- Born: May 27, 1924 Shiner, Texas, U.S.
- Died: February 20, 2013 (aged 88) Westhampton, New York, U.S.
- Other name: Caroline Valenta Gatewood
- Occupations: Photographer, photojournalist

= Caroline Valenta =

American photojournalist

Caroline Valenta (May 27, 1924 – February 20, 2013) was an American photojournalist who worked at the Houston Post, and was nominated for a Pulitzer Prize for her photographs of the 1947 Texas City disaster.

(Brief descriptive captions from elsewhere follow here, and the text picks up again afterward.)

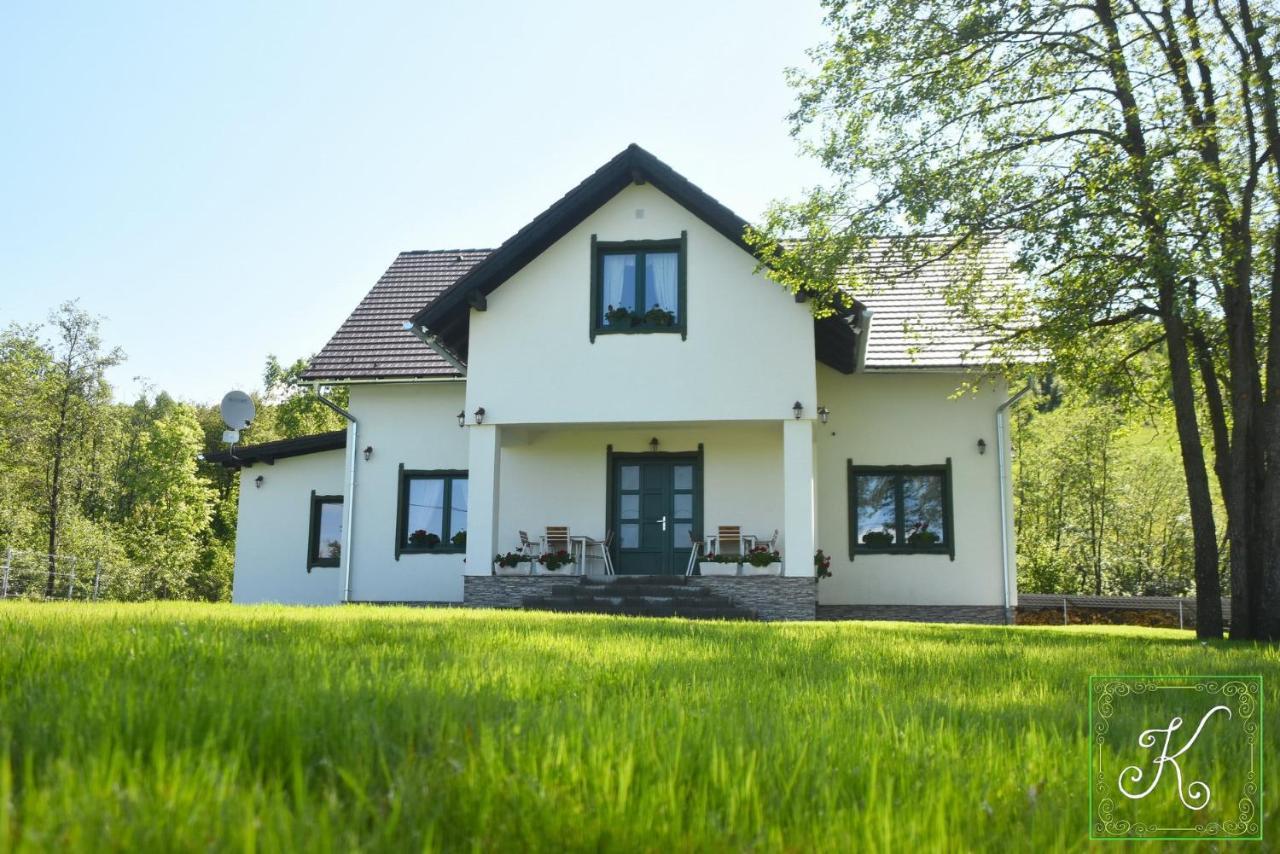 Kadarhaz Bed & Breakfast Vlahita Bagian luar foto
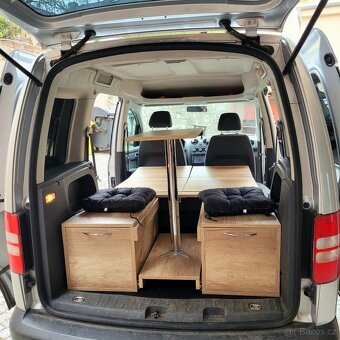 obytná vestavba Pick-up MPV spací vestavba - 10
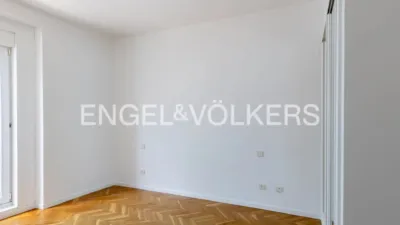 Apartment on Calle de las Infantas photo 11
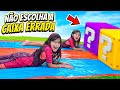 NÃO ESCOLHA A CAIXA ERRADA || Deslize com água na caixa certa! | Jéssica Godar e Laurinha e Helen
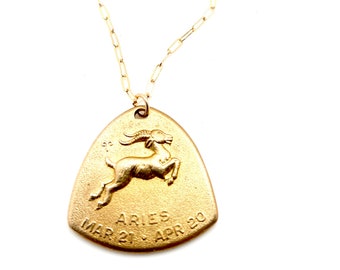Collana vintage in ottone con Ariete, ciondolo in oro con ariete, astrologia boho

== Early life and education ==
Valenta was born in 1924 in Shiner, Texas, the daughter of John E. Valenta and Lillie Wacker Valenta. Her father was a garage mechanic. She attended the University of Houston, but left in 1945, at the end of her senior year, to take a full-time staff photographer position at the Houston Post. She drove a 1929 Ford Model A when she was a young woman, including on a 1945 vacation with two friends. She attended a short course on news photography at Kent State University in 1946.

== Career ==
Valenta was the first woman photographer employed by the Houston Post, where she worked for eight years starting in 1945. Valenta's 1945 photograph of an America serviceman reuniting with his wife and young children at a train station was printed in newspapers nationwide, and won an award from Encyclopedia Britannica for non-war news photography. In 1946 she had a publicized physical confrontation with three "camera shy" Texas Rangers at a courthouse. She gained further international recognition and a Pulitzer Prize nomination in 1947, for her photographs of the Texas City disaster. Another assignment involved capturing daily life in Seagoville Federal Prison. Her work was included in the 1949 exhibition The Exact Instant at the Museum of Modern Art in New York. She moved to New York in 1952, and worked for the New York Daily News and various other publications.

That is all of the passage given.